From: aidotengineer
Evaluating Retrieval Augmented Generation (RAG) systems is crucial for optimizing their performance. A significant challenge in RAG evaluation has traditionally been the requirement for golden answers or golden chunks, which is often non-scalable [00:00:29]. The OpenRAG Eval project aims to address this by providing a quick and scalable solution for RAG evaluation that does not rely on these prerequisites [00:00:09].
OpenRAG Eval Architecture
The OpenRAG Eval architecture begins with a set of user queries (e.g., 10, 100, or 1000) deemed important for a RAG system [00:00:49]. A RAG connector, available for platforms like Vectara, LangChain, and LlamaIndex, collects information such as actual chunks and answers generated by the RAG pipeline [00:01:02]. This output is then fed into the evaluation process, which runs various metrics grouped into “evaluators” [00:01:22]. These evaluators generate RAG evaluation files containing all necessary information for pipeline assessment [00:01:29].
Key Metrics for Evaluation
OpenRAG Eval introduces several metrics designed to function effectively without the need for golden answers:
Umbrella (Retrieval Metric)
Umbrella is a retrieval metric that assigns a score between zero and three to each chunk [00:02:16]:
- Zero: The chunk has no relevance to the query [00:02:20].
- Three: The chunk is dedicated to the query and contains the exact answer [00:02:24].
Research by the University of Waterloo’s Jimmy Lynn lab indicates that this approach correlates well with human judgment, allowing for reliable retrieval evaluation without golden chunks [00:02:42].
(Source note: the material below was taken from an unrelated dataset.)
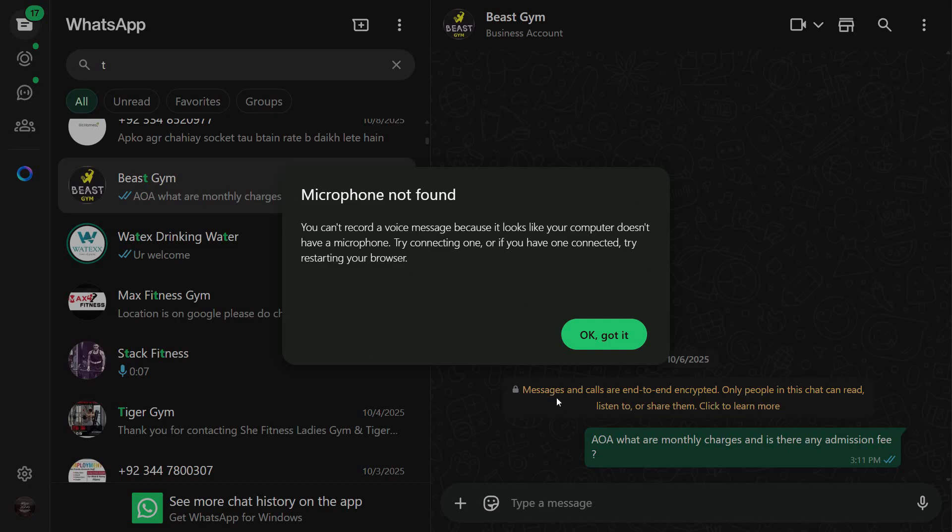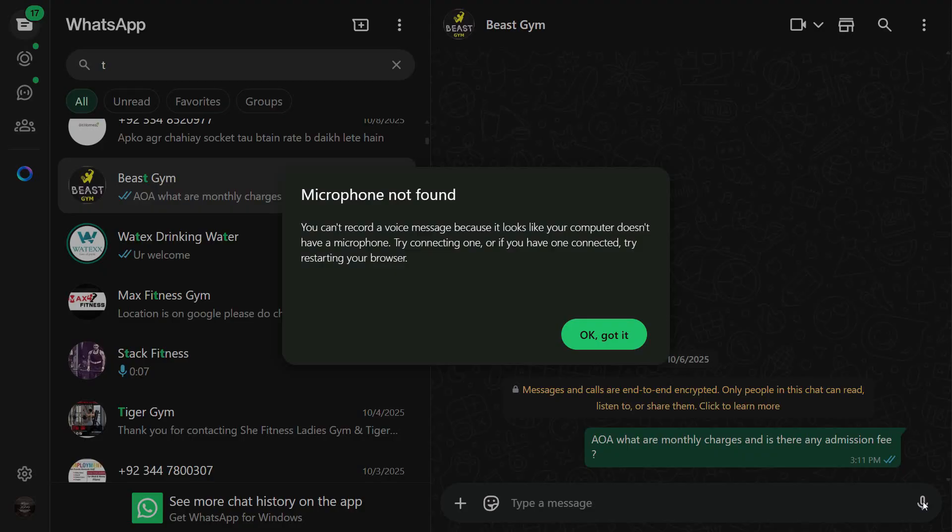In this video, we're going to see how to allow microphone access in WhatsApp Web on PC. Every time we try to send a voice message directly from our PC, it either shows 'microphone not found' or records the message but it's completely without voice.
AutoNuggetizer (Generation Metric)
AutoNuggetizer evaluates generation without requiring golden answers [00:02:56]. It follows three steps:
- Nugget Creation: Atomic units, called “nuggets,” are created from the response [00:03:05].
- Vital/Okay Rating: Each nugget is assigned a vital or okay rating, and the top 20 are selected [00:03:12].
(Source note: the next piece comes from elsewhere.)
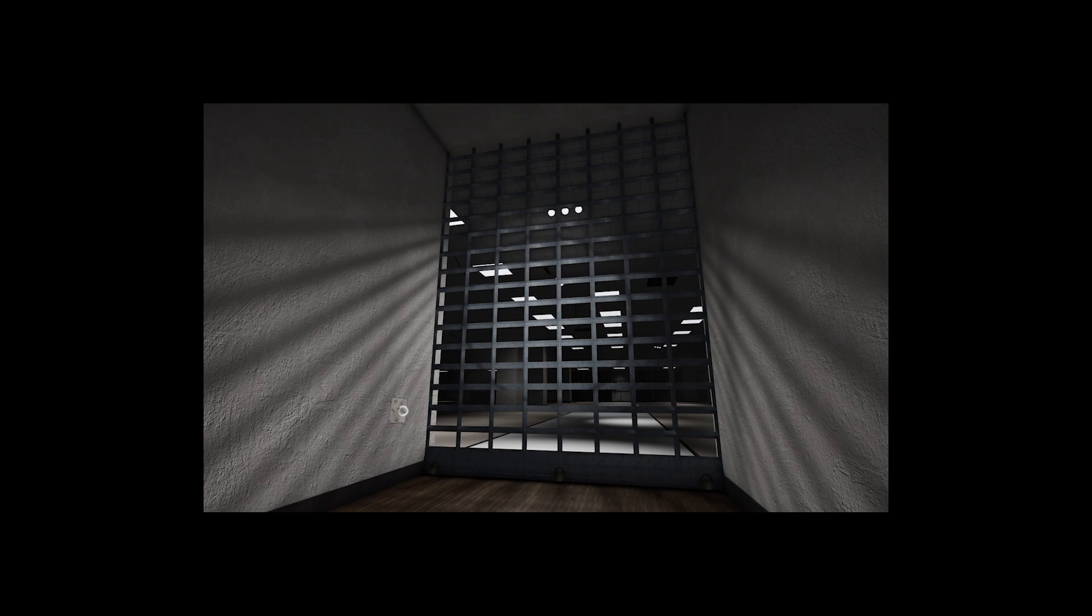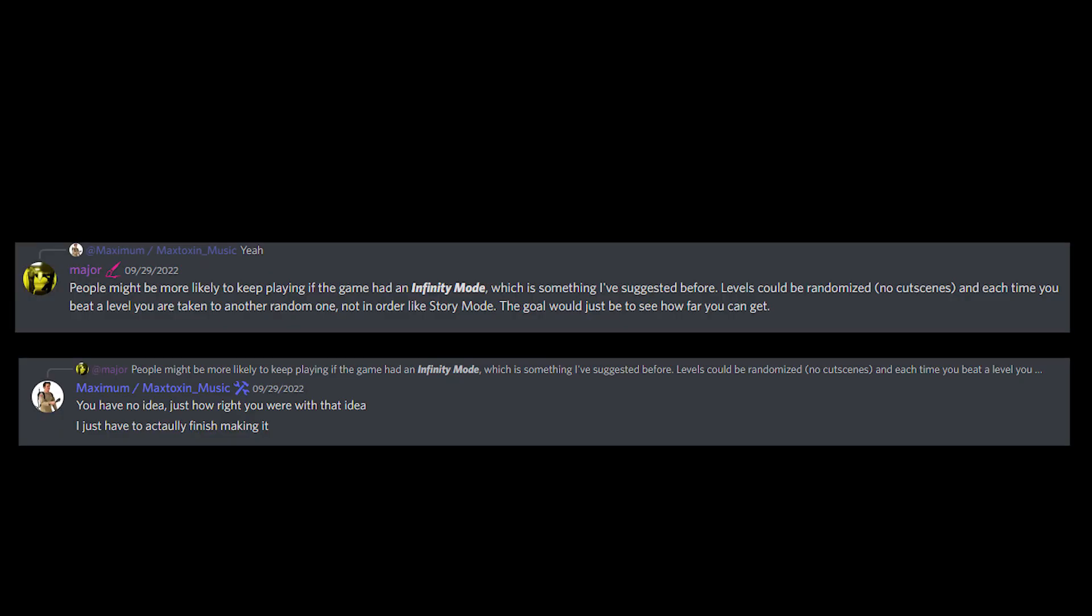This was revealed to us in a conversation between a user under the name Major and game developer Maximum. Up on screen is the interaction they had. It looks like the game mode we're going to be getting is an endless mode.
- LLM Judge Analysis: An LLM judge analyzes the RAG response to determine if each selected nugget is fully or partially supported by the answer [00:03:23].
Citation Faithfulness
This metric assesses whether citations within the RAG response are accurate [00:03:35]. It measures if the citation or passage is high fidelity, fully supported, partially supported, or has no support in the response [00:03:43].
Hallucination Detection
Utilizing Victara’s Hallucination Detection Model (HHM), this metric checks if the entire RAG response aligns with the retrieved content, aiming to identify instances of hallucination [00:03:53].
User Interface for Analysis
Once evaluation files are generated, they can be uploaded to open evaluation.ai
[00:04:12]. This provides a user-friendly interface to visualize and compare retrieval and generation scores across different queries [00:04:22].
Benefits of OpenRAG Eval
OpenRAG Eval is an open-source package designed to help optimize and tune RAG pipelines [00:04:31]. Its open-source nature promotes transparency in how metrics function and includes connectors for various RAG pipelines like Vectara, LangChain, and LlamaIndex, with provisions for community contributions of additional connectors [00:04:52].